Drew barked out a laugh then downed the rest of his beer before standing. On his way to the kitchen, he stopped and clapped a hand on Finn’s shoulder. “I know you don’t pay much attention to the statements I send you, but trust me when I say we’re doin’ just fine. That 50K was nice to get us started, but we haven’t needed it in a long damn time.”

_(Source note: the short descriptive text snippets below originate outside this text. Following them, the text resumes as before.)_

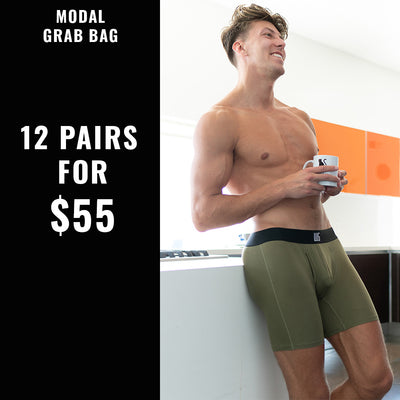 Modal W/Chafe Safe Pouch Grab Bags - As Low As $4.58/Pair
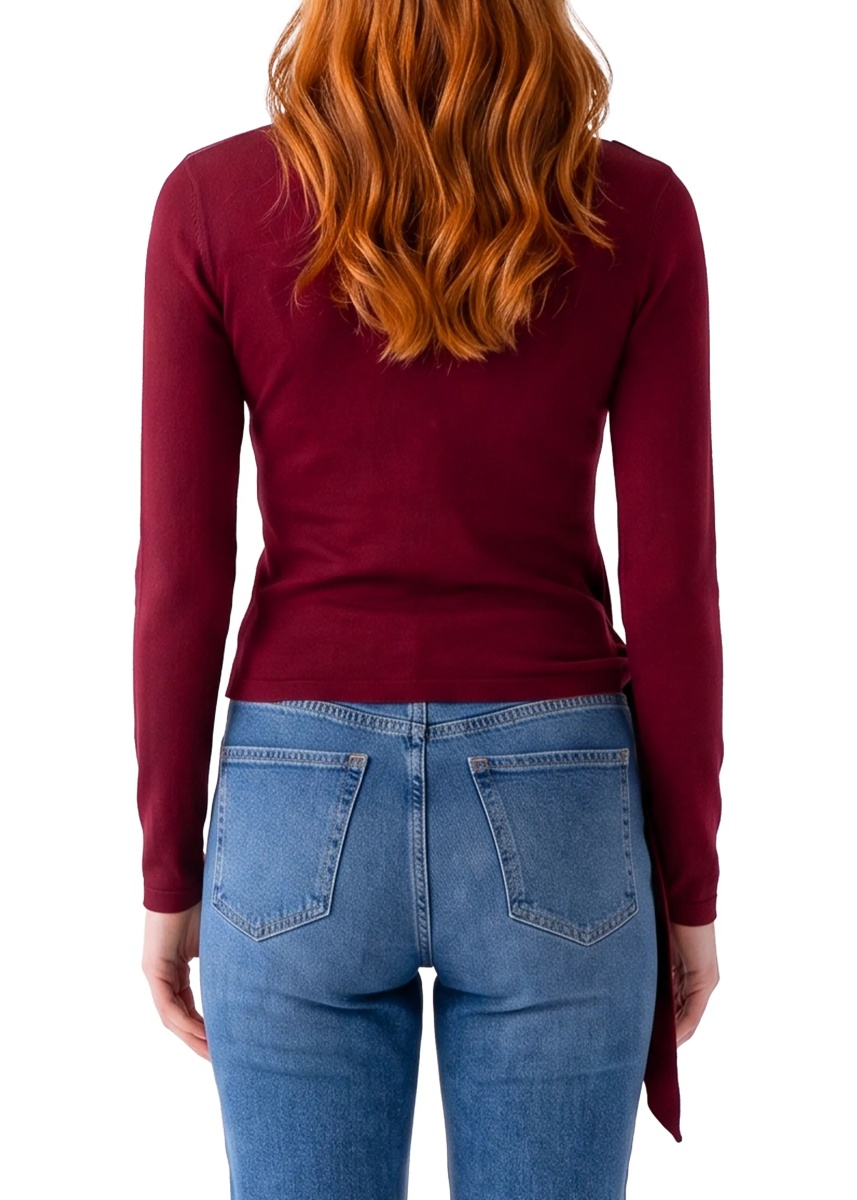 Pulovere Cut-Off Top With Sash - Img 3
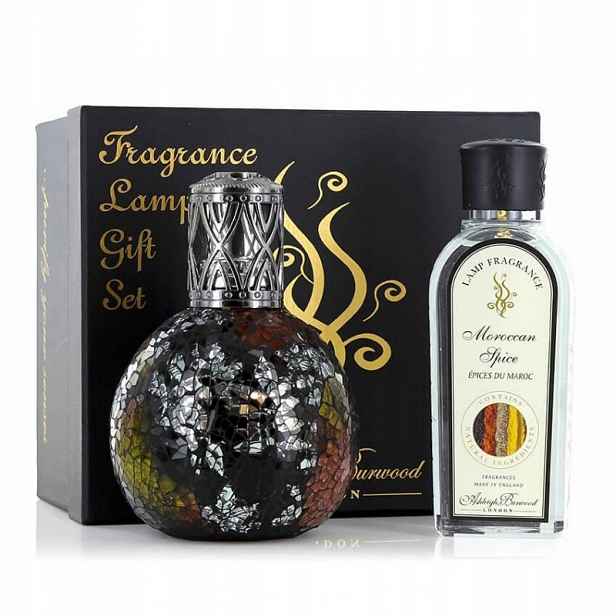 Sada lampa Oriental Woodland+vložka Moroccan Spice 250 ml Ashleigh&Burwood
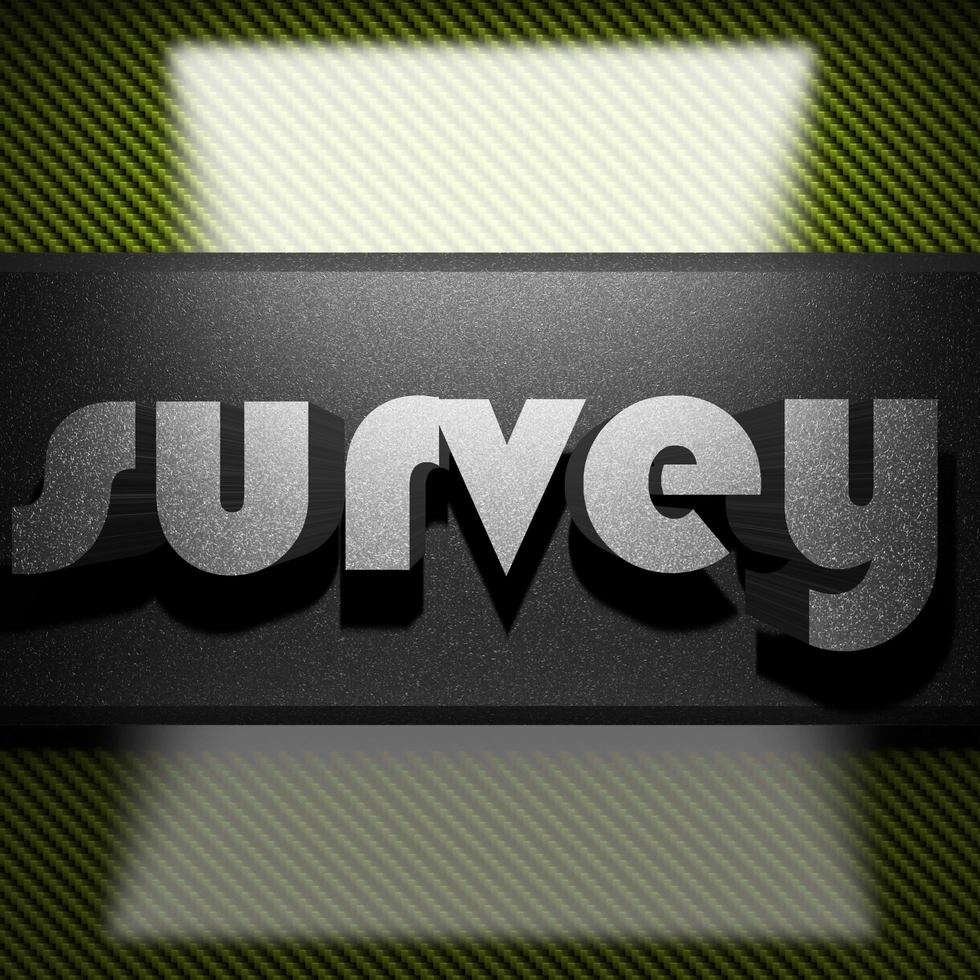 survey word of iron on carbon photo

Because Drew had made sure of it. Fifty-thousand was a lot of money, especially to two kids like them, but it wouldn’t have even put a dent in cancer treatment bills. They’d had to make more money and make it fast. Fortunately, his brother was a goddamn genius with the stock market. All they’d needed had been the starting capital, and pretty soon, they’d had a nice little nest egg, even after paying for their momma’s ungodly high treatment bills.

If it hadn’t been for Drew, they’d have ended up no better than they’d left Havenbrook. And Finn couldn’t lie that it was a damn nice feeling to know how much they’d changed since leaving, how much they’d flourished, despite what half the people in their hometown thought of them.

That was the one and only thing he’d thank Dick for. And he would too. At the same time he threw all that money back in his face.